[Extracted records]
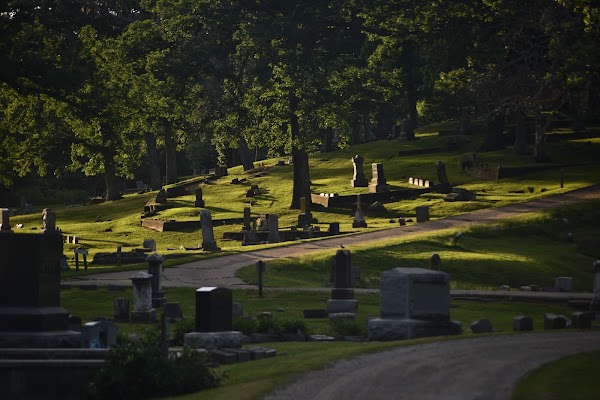 Keokuk National Cemetery grounds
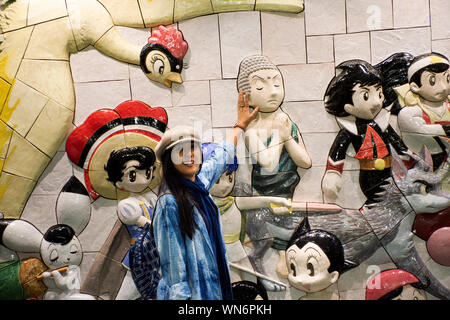 I viaggiatori tailandese donne in posa e ritratto con wall art di anime e hero in stile giapponese in Ariake treno JR dalla Stazione Ferroviaria di Koto City il 29 marzo 2019 Foto Stock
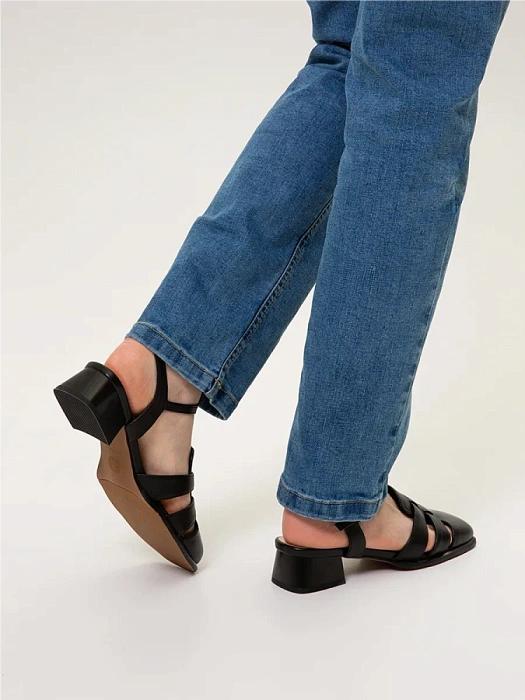 Женские сандалии FEDERICA RODARI черные, артикул 38E-HF527-A118L1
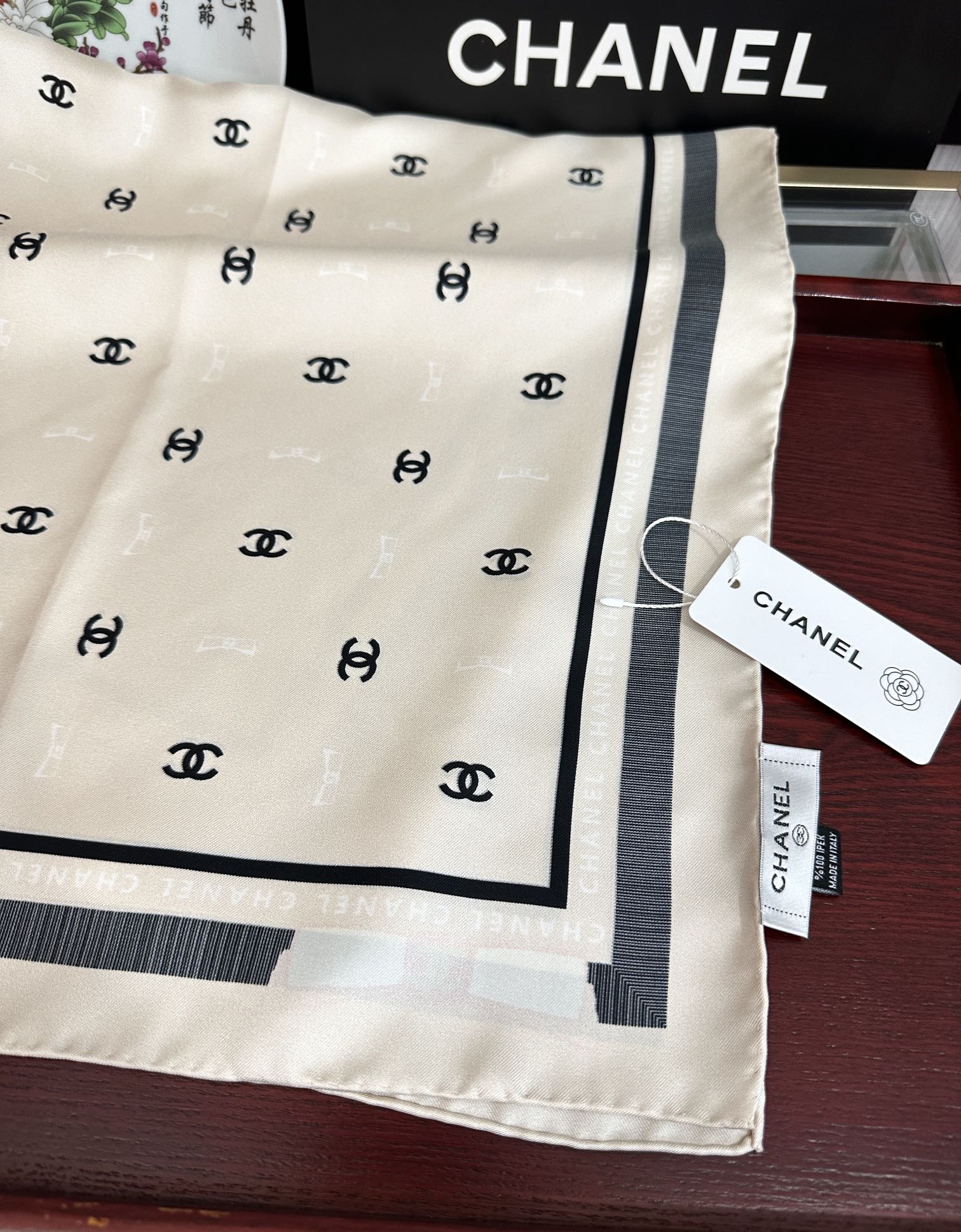 CHANEL 25S SCARF 90 IN SILK 730538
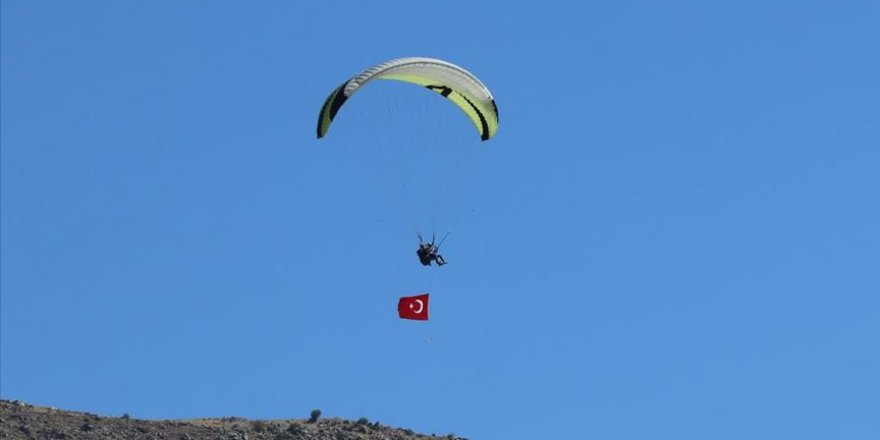 Yamaç paraşütçüleri 30 Ağustos Zafer Bayramı'nı gökyüzünde Türk bayrağı açarak kutladı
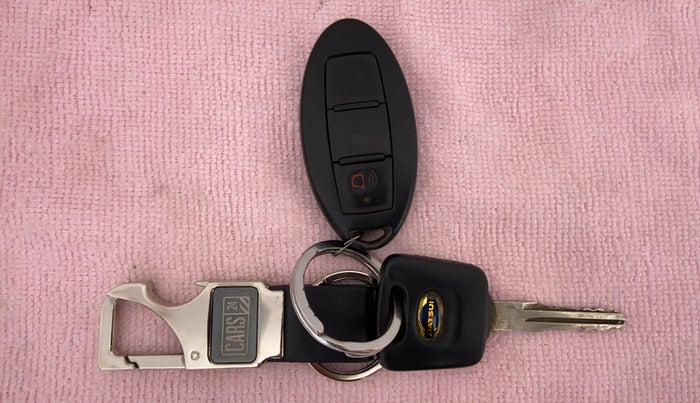 2015 Datsun Go T, Petrol, Manual, 83,782 km, Key Close Up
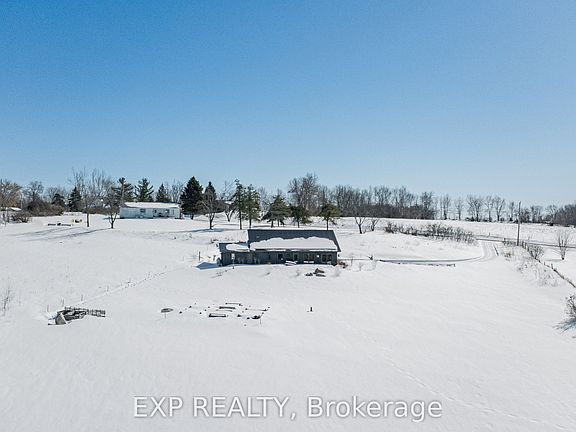 5th image of 715 Moira Rd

## Problem to work on
Write the lines out again exactly, beginning at the one containing "Женские сандалии FEDERICA" and ending with the last line of the entries, but without any pictures.

## Result of this task
 Женские сандалии FEDERICA RODARI черные, артикул 38E-HF527-A118L1
 CHANEL 25S SCARF 90 IN SILK 730538
 Yamaç paraşütçüleri 30 Ağustos Zafer Bayramı'nı gökyüzünde Türk bayrağı açarak kutladı
 2015 Datsun Go T, Petrol, Manual, 83,782 km, Key Close Up
 5th image of 715 Moira Rd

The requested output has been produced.